§ **EXERCISE OBJECTIVE**
Up to and including the line with "Black Leather Chunky Derby Shoes", restate every line of the records below word for word, from the first line on, leaving out the pictures.

★ ★ ★ ★ ★ ★ ★

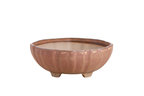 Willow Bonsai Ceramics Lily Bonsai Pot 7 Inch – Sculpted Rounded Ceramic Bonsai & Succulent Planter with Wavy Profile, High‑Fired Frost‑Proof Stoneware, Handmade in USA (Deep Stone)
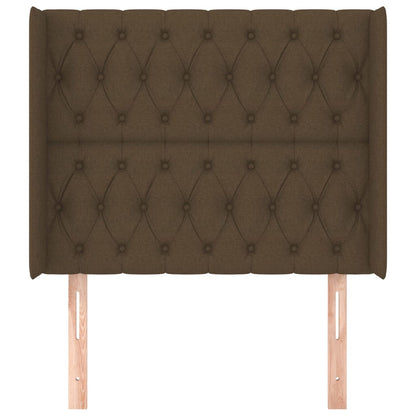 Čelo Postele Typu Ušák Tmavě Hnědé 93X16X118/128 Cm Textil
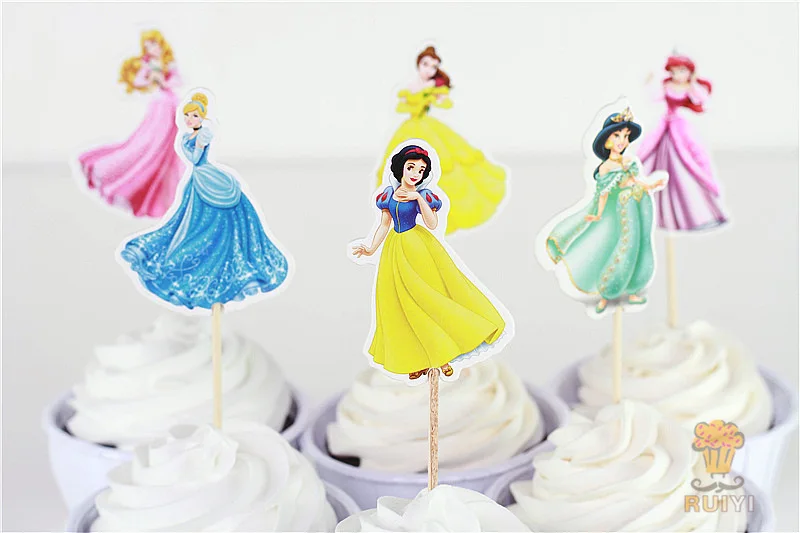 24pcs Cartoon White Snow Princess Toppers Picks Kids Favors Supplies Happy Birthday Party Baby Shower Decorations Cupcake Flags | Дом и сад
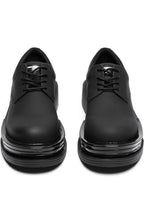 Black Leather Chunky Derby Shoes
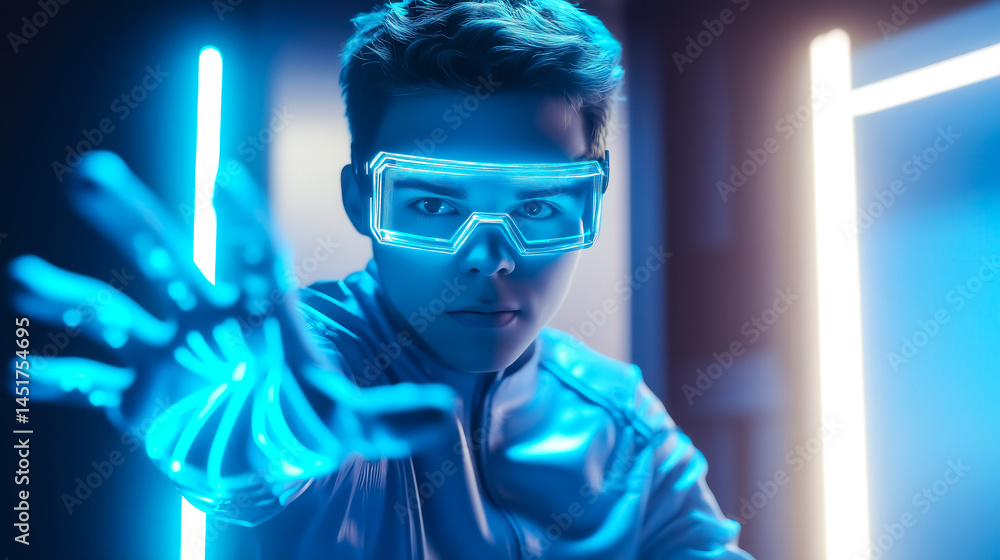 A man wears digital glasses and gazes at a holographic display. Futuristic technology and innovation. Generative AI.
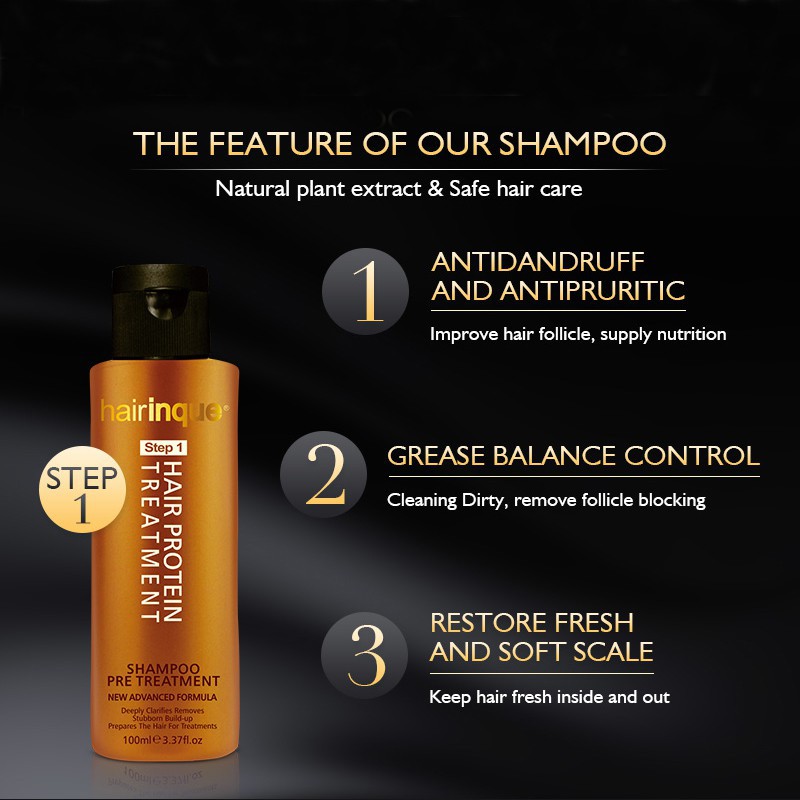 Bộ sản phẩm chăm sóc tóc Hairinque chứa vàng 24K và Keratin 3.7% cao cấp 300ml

★ ★ ★ ★ ★ ★ ★

§ **RESPONSE BOX**
 Willow Bonsai Ceramics Lily Bonsai Pot 7 Inch – Sculpted Rounded Ceramic Bonsai & Succulent Planter with Wavy Profile, High‑Fired Frost‑Proof Stoneware, Handmade in USA (Deep Stone)
 Čelo Postele Typu Ušák Tmavě Hnědé 93X16X118/128 Cm Textil
 24pcs Cartoon White Snow Princess Toppers Picks Kids Favors Supplies Happy Birthday Party Baby Shower Decorations Cupcake Flags | Дом и сад
 Black Leather Chunky Derby Shoes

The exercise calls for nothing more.